Here’s the hypothesis: If you mix a few hundred scientists with a lot of money, something good will happen. That theory will be tested soon in Northern Virginia. The Howard Hughes Medical Institute plans to spend $500 million over 10 years on a state-of-the-art research center in Loudoun County that will host some of the best minds in the life sciences. Backed by the Maryland-based Hughes Institute’s $12.4 billion endowment, the center could grow into one of the biotech industry’s premier research centers.

Janelia Farm
The Howard Hughes Medical Institute plans a major new research facility at the Janelia Farm in Loudoun County.
Photo by William K. Geiger

Its biggest impact so far, though, is on the hopes of Virginia’s fledgling biotechnology industry. The Hughes facility won’t open for at least four years — its initial focus will be on the new field of bioinformatics, which taps the power of computers to analyze huge quantities of biological data — but it’s already a tonic for believers in the state’s biotech potential. "The significance of the Hughes Institute I don’t think can be overstated," says Jerry Coughter, directory of biotechnology and medical applications at Virginia’s Center for Innovative Technology. "Now we have a real thing to point to. These people could have gone anywhere, and they chose to come here."

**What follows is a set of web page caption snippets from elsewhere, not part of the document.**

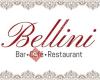 Cafe Bellini Rastatt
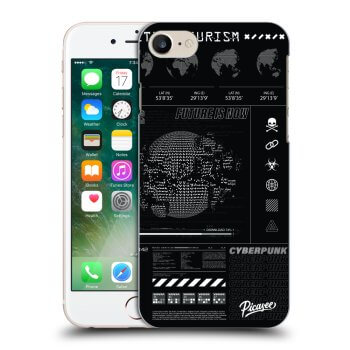Obal pro Apple iPhone 8 - FUTURE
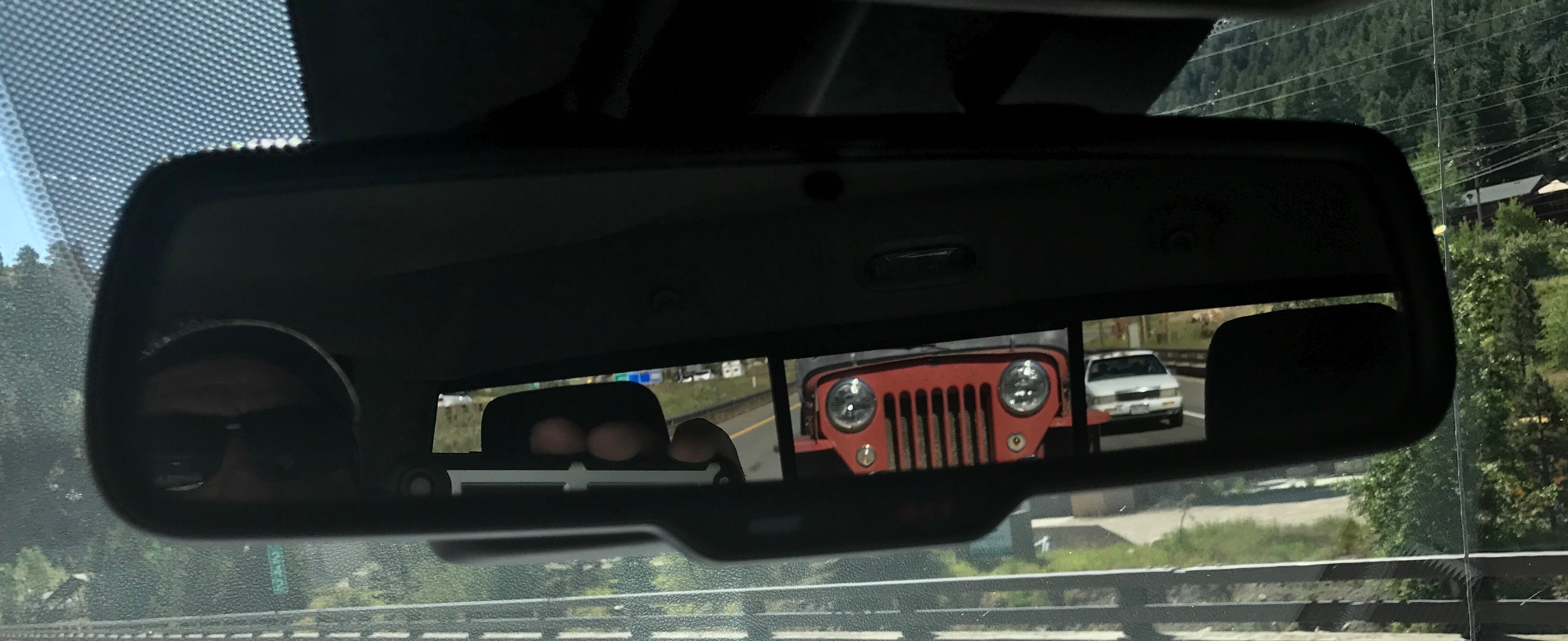 54 CJ3B 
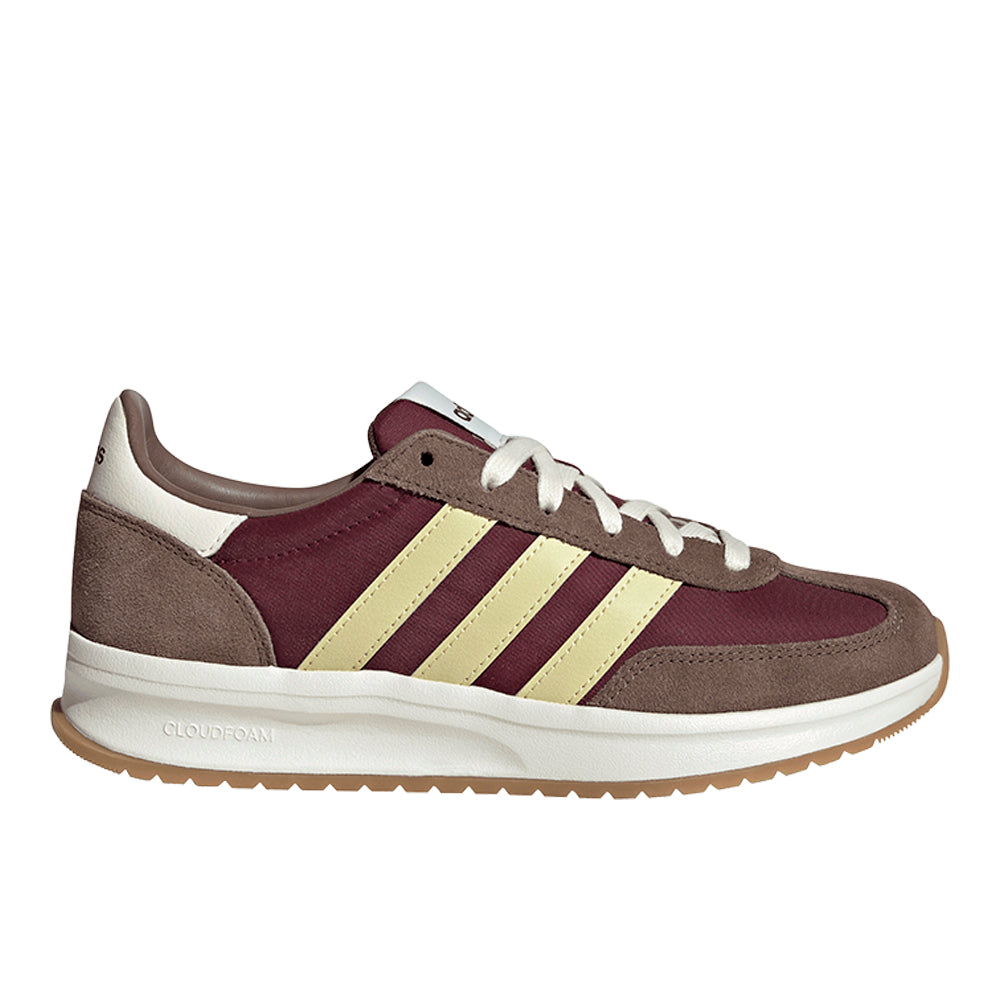 Run 70s 2.0 Shoes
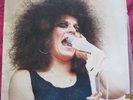 Wendy Saddington & Copperwine - Looking Through A Window - 1977 Infinity LP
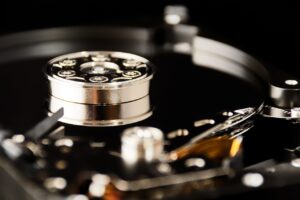 storage, storage medium, hard drive, hdd, technology, digital, computer, pc, electronics, server, edp, hard drive, hard drive, hard drive, hard drive, hard drive, hdd, hdd, hdd, hdd, server, server, server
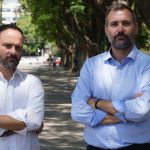 Θεσσαλονίκη: Άγρια Επίθεση με Ξύλα σε 13χρονο – Σοβαρά Τραύματα και Χειρουργείο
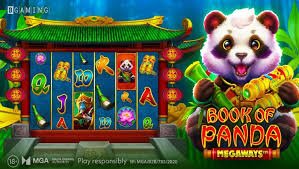 q4os Slot Games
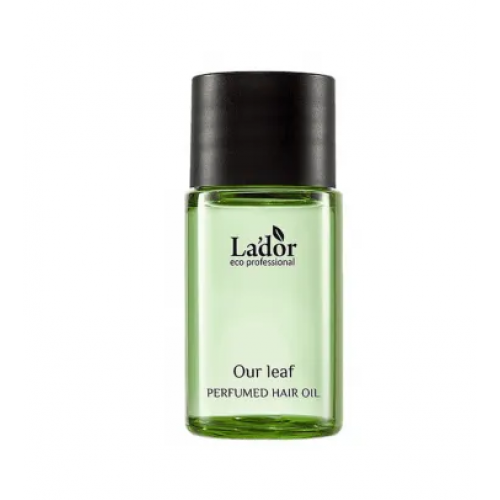 10ml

For now that endorsement is enough. As big a deal as the Hughes project is, though, it’s just one step in a drive already underway in Virginia and around the country to grab a share of the biotech sector that is starting to flourish after years of disappointing results. Research universities such as Virginia Tech and Virginia Commonwealth University are aggressively beefing up their life-sciences programs. There are new or expanding biotech research parks in Roanoke, Richmond and Northern Virginia, and new efforts to transfer whatever breakthroughs come from research done here to the private sector.

Virginia’s biotech potential unexpectedly caught the spotlight this summer during the controversy over stem cell research. The Jones Institute for Reproductive Medicine in Norfolk, which produced the first test tube baby 20 years ago, is one of just a few research centers in the U.S. that have created stem cells from human embryos (Story page 18). While their applications could be dramatic and extensive, a tremendous debate is roaring over the ethics of killing the embryos after removing the stem cells.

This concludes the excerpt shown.